Launching Matillion ETL for Delta Lake on AWS
This is a guide to launching an Matillion ETL instance using Delta Lake on AWS.
- This document is part of the Matillion ETL Instance Creation process.
- Matillion ETL uses Databricks Partner Connect to simplify the process of connecting to an existing SQL endpoint or cluster in your Databricks workspace. For full details of using Partner Connect, read Connect to Matillion by using Partner Connect in the Databricks documentation.
To launch and configure Matillion ETL for Delta Lake on AWS using Partner Connect, use the following steps.

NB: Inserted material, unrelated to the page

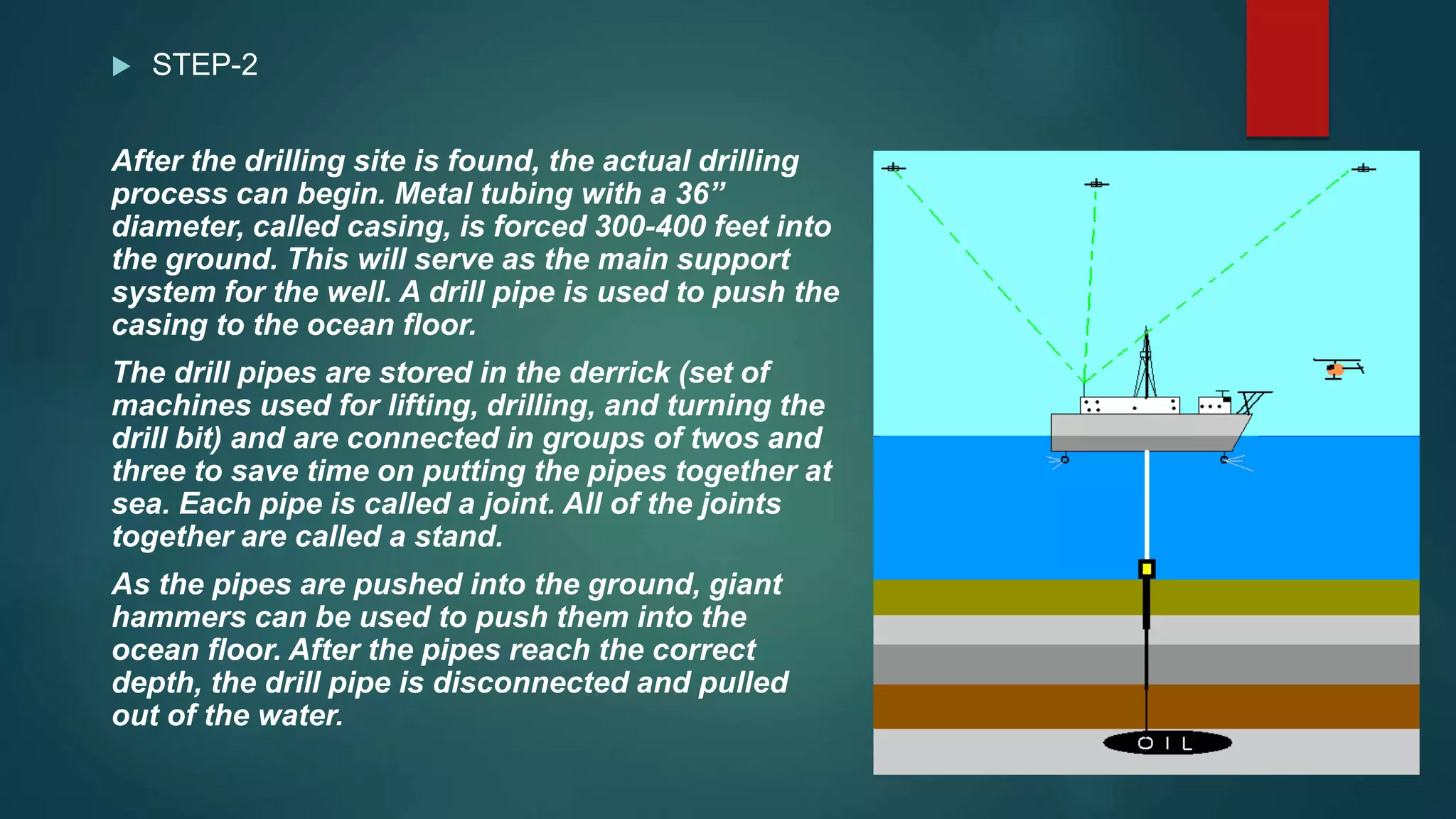 Offshore drilling in petroleum | PPTX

Click Continue in AWS and the Amazon EC2 Console opens. The system will have pre-populated an Amazon Machine Image (AMI) with all pre-configured details required to launch the instance. Select the AMI from the list presented, then click Launch instance from AMI at the top-right of the page.
If choosing from a list of AMIs, use only AMIs with "billing" in the instance name and not "byol". A "billing" filter has been pre-set on the list to assist you here. Also note that images aren't necessarily listed in order of recency and care should be taken when selecting the desired version.
- The Launch an instance page opens. This page will be pre-populated with default settings for the instance. The only item you must select here is a valid Key pair, for everything else you can accept the defaults. If you wish to change any default settings before launching, please take the following points into account.
- Number of instances: Leave as default (1), unless you want to launch multiple instances.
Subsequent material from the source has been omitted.